### Records to process

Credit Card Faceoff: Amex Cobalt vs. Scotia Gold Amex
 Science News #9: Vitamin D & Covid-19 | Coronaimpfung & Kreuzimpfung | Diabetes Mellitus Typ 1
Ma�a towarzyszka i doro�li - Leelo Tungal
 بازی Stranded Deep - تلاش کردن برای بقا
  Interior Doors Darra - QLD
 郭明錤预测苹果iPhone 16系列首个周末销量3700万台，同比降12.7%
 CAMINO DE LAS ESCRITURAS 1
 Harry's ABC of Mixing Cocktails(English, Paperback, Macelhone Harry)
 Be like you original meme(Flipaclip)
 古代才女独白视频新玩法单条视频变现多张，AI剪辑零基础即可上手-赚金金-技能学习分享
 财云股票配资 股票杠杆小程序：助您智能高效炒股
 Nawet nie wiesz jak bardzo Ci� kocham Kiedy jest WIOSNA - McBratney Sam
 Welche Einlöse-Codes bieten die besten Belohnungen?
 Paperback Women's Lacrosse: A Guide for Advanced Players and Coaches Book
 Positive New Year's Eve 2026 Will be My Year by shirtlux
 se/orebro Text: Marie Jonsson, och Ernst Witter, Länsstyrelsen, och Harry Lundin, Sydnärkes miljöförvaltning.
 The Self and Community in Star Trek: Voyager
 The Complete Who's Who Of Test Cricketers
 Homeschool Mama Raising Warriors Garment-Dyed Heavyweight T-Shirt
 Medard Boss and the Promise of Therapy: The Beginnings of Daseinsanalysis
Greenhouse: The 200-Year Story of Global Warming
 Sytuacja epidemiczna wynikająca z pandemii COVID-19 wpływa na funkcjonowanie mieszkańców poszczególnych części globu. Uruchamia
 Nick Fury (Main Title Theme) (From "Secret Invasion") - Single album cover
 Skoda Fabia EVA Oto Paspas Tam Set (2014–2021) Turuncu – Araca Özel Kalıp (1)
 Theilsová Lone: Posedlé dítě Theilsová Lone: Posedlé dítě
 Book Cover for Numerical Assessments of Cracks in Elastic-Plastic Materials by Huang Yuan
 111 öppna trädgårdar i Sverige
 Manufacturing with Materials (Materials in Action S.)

### Your assignment
Give an exact copy of the lines above from the line with "The Complete Who's Who Of Test Cricketers" up to and including the line with "Skoda Fabia EVA", and leave everything else out.

### Reply
 The Complete Who's Who Of Test Cricketers
 Homeschool Mama Raising Warriors Garment-Dyed Heavyweight T-Shirt
 Medard Boss and the Promise of Therapy: The Beginnings of Daseinsanalysis
Greenhouse: The 200-Year Story of Global Warming
 Sytuacja epidemiczna wynikająca z pandemii COVID-19 wpływa na funkcjonowanie mieszkańców poszczególnych części globu. Uruchamia
 Nick Fury (Main Title Theme) (From "Secret Invasion") - Single album cover
 Skoda Fabia EVA Oto Paspas Tam Set (2014–2021) Turuncu – Araca Özel Kalıp (1)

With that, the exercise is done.